■ **Your assignment**
Extract the whole listing as it stands. Do not include the pictures.

■ **Data segment**
=== Begin Enclosure ===

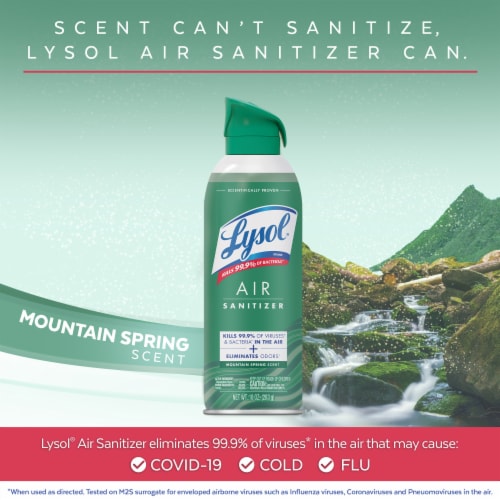 Lysol® Air Sanitizer Rainwashed Bamboo Scent Perspective: left
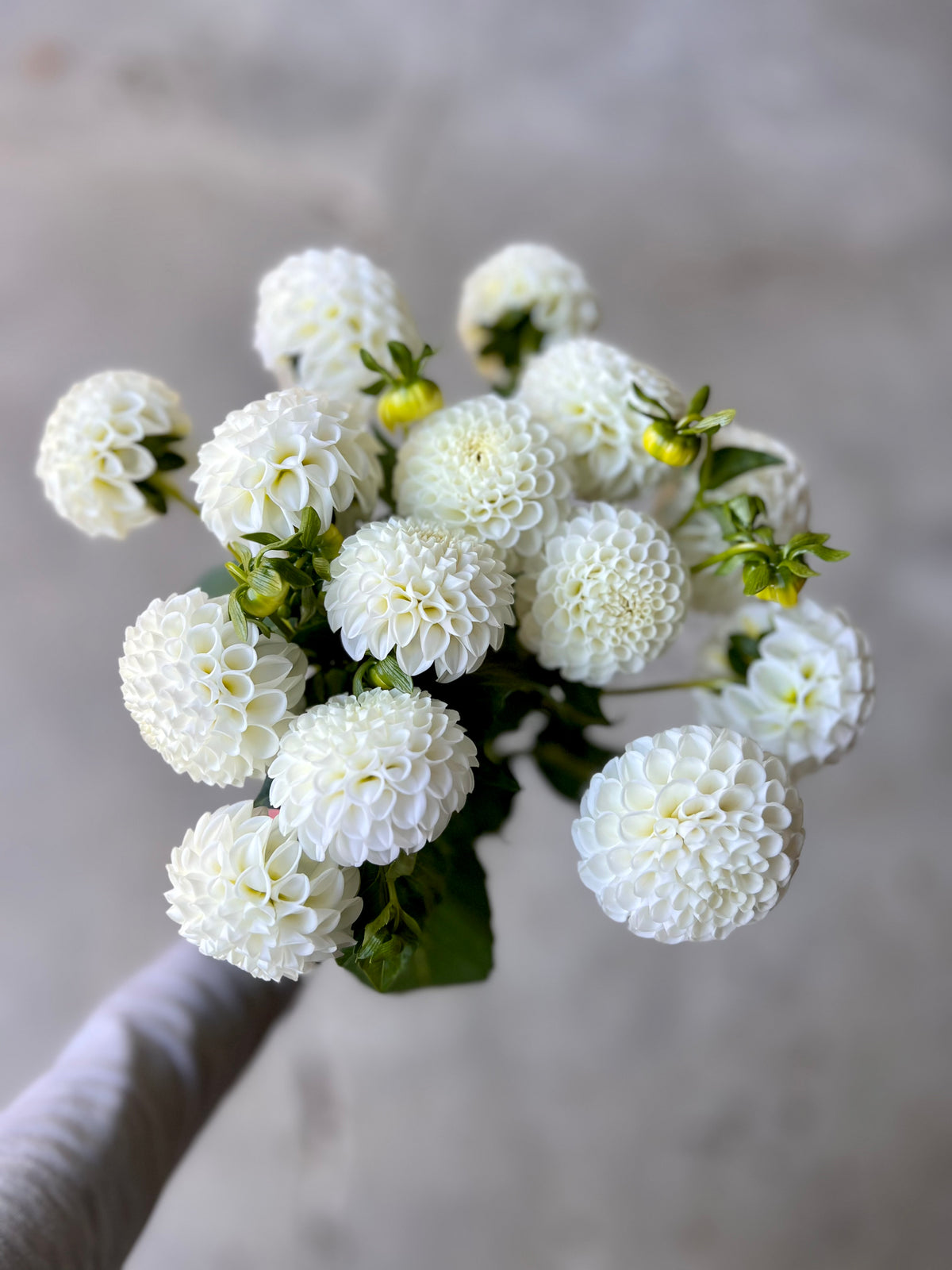 Hollyhill Snowdrop Dahlia Tuber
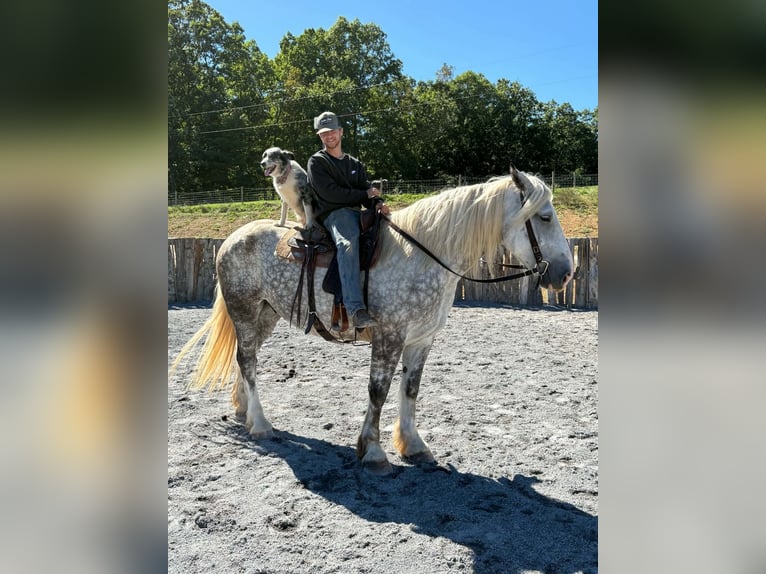 Arbeitspferd Mix Wallach 6 Jahre 173 cm Apfelschimmel in Clearville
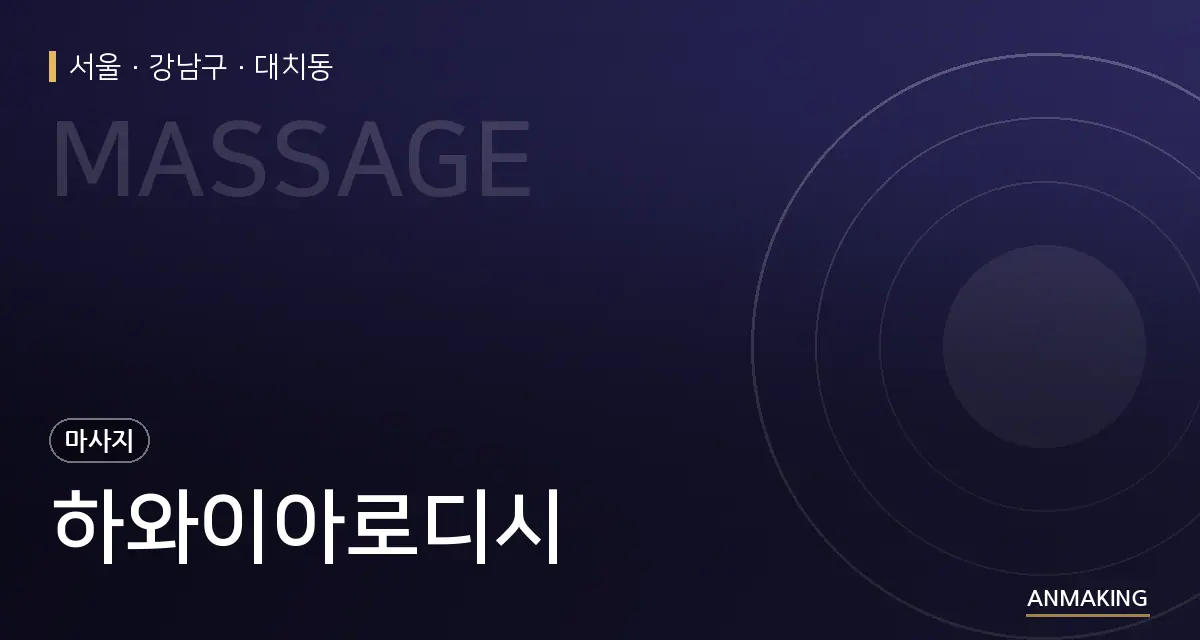 서울 강남구 하와이아로디시 안내 이미지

=== End Enclosure ===

■ **Answer area**
 Lysol® Air Sanitizer Rainwashed Bamboo Scent Perspective: left
 Hollyhill Snowdrop Dahlia Tuber
 Arbeitspferd Mix Wallach 6 Jahre 173 cm Apfelschimmel in Clearville
 서울 강남구 하와이아로디시 안내 이미지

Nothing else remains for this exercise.